Authors: Antonia Fraser
The bath ran with rich brown water, disconcerting at first, particularly when mixed with her favourite Mary Chess Gardenia bath oil which made her London bathroom smell like a luxurious greenhouse. But in Scotland the water was already softer than any oil could ever achieve. In any case the mahogany fittings of the bathroom hardly suited such luxuries.
The bedroom was equally firmly Scottish, not to say Spartan: the chintz curtains, blue and rose-patterned, hung tattered in places, like those in the downstairs rooms. There was a general dearth of furniture and ornaments - the only picture consisted of a vast engraving over the fireplace, depicting Bonnie Prince Charlie himself in a rousing scene at the battle of Preston.
Nevertheless the large bed with its mahogany headboard was in itself extremely comfortable, because the mattress sank so deeply in the centre as to positively enclose Jemima within its warmth. There were also three stone hot-water bottles, still-warm relics of Bridie's ministrations.
Jemima listened to the noise of the water running outside. There was no moon, and the few other sounds of the night did not disturb her.
She felt secure, happy.
Jemima picked up her detective story, entitled, she noticed,
A Scottish Tragedy,
a sort of modern-dress version of
Macbeth,
which she had chosen at Euston for its cover of tartan and a dagger dripping with blood. At the time it seemed appropriate enough. Jemima felt cosier than ever as she skimmed, sleepily but still pleasantly, through the first chapter.

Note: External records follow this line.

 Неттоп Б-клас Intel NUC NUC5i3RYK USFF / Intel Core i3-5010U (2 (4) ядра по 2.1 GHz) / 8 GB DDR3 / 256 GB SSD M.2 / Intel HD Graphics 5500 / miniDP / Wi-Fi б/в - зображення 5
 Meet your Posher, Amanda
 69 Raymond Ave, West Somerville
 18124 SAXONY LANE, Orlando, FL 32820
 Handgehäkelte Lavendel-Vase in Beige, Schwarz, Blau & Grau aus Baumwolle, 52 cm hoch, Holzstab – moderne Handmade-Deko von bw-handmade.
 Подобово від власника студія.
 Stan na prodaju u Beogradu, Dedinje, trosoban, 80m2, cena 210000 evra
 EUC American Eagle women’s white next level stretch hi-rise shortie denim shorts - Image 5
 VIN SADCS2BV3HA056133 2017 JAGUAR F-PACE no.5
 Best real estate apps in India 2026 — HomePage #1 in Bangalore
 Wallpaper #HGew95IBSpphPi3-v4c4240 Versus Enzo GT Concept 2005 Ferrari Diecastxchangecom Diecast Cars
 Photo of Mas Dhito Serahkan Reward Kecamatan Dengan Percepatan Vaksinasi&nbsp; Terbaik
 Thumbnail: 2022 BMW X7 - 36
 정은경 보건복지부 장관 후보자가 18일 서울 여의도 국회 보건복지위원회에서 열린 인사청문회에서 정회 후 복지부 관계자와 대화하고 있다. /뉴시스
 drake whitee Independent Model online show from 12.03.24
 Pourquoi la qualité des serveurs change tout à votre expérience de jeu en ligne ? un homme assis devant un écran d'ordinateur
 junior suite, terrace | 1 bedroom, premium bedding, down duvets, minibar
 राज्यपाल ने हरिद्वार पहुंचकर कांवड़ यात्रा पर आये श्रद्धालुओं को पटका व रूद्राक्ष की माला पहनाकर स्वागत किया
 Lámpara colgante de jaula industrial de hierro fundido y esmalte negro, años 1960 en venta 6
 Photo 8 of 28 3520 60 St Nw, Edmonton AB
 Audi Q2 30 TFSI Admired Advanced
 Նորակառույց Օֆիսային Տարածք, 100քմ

She was just turning the page to chapter two when the sound of someone coming stealthily up the stairs told Jemima that she was not after all alone in the house.
CHAPTER
9
From the South
The staircase creaked. She could not be mistaken. This was no ghost, no projection of the haunted imagination. Someone was coming up the stairs, someone who would shortly reach the head of the stairs, turn towards her bedroom, softly deliberately
Jemima Shore felt quite literally paralysed with fright. She could not even stretch out one hand. At the same time she heard rather than felt, or so it seemed at the time, her heart thumping in time to the muffled steps. It would have been prudent to have leapt out of the huge blanketed bed, maybe even to lock the door - if there was a lock. Perhaps she should turn out the little bedside light in order to gain a certain advantage over her assailant. These thoughts went through her head while she continued to sit bolt upright in bed, frozen, the thin paper pages of
A Scottish Tragedy
still clenched between her rigid fingers.
No, she definitely could not move. All she could think was that she was alone in an empty house, with no help at all at hand, alone on a wild island, and just as she thought, This is ridiculous, I'll get the police, I'll dial
999
,
she remembered that there was no telephone.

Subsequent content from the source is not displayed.